§ **TASK DIRECTIONS**: Your task is to write out the full listing once more, exactly.

_ _ _ _ _ _ _

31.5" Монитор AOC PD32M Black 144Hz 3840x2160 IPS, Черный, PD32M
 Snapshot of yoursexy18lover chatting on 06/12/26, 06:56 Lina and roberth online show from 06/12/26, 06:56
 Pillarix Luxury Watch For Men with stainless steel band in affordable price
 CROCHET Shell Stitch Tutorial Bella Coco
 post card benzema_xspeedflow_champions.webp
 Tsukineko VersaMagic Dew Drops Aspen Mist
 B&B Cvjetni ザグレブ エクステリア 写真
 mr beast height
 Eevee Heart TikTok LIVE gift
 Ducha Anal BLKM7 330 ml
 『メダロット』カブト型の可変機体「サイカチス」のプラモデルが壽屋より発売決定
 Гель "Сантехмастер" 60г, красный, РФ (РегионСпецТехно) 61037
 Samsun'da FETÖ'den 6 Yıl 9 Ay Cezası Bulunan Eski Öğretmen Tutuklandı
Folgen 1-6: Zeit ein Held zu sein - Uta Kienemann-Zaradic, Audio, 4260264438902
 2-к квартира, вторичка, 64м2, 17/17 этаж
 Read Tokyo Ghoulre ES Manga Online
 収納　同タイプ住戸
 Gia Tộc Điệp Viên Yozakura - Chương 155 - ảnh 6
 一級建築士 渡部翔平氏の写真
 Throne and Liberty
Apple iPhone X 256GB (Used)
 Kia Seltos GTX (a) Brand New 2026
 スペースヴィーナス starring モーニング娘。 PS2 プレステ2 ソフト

_ _ _ _ _ _ _

§ **SOLVED PROBLEM**:
31.5" Монитор AOC PD32M Black 144Hz 3840x2160 IPS, Черный, PD32M
 Snapshot of yoursexy18lover chatting on 06/12/26, 06:56 Lina and roberth online show from 06/12/26, 06:56
 Pillarix Luxury Watch For Men with stainless steel band in affordable price
 CROCHET Shell Stitch Tutorial Bella Coco
 post card benzema_xspeedflow_champions.webp
 Tsukineko VersaMagic Dew Drops Aspen Mist
 B&B Cvjetni ザグレブ エクステリア 写真
 mr beast height
 Eevee Heart TikTok LIVE gift
 Ducha Anal BLKM7 330 ml
 『メダロット』カブト型の可変機体「サイカチス」のプラモデルが壽屋より発売決定
 Гель "Сантехмастер" 60г, красный, РФ (РегионСпецТехно) 61037
 Samsun'da FETÖ'den 6 Yıl 9 Ay Cezası Bulunan Eski Öğretmen Tutuklandı
Folgen 1-6: Zeit ein Held zu sein - Uta Kienemann-Zaradic, Audio, 4260264438902
 2-к квартира, вторичка, 64м2, 17/17 этаж
 Read Tokyo Ghoulre ES Manga Online
 収納　同タイプ住戸
 Gia Tộc Điệp Viên Yozakura - Chương 155 - ảnh 6
 一級建築士 渡部翔平氏の写真
 Throne and Liberty
Apple iPhone X 256GB (Used)
 Kia Seltos GTX (a) Brand New 2026
 スペースヴィーナス starring モーニング娘。 PS2 プレステ2 ソフト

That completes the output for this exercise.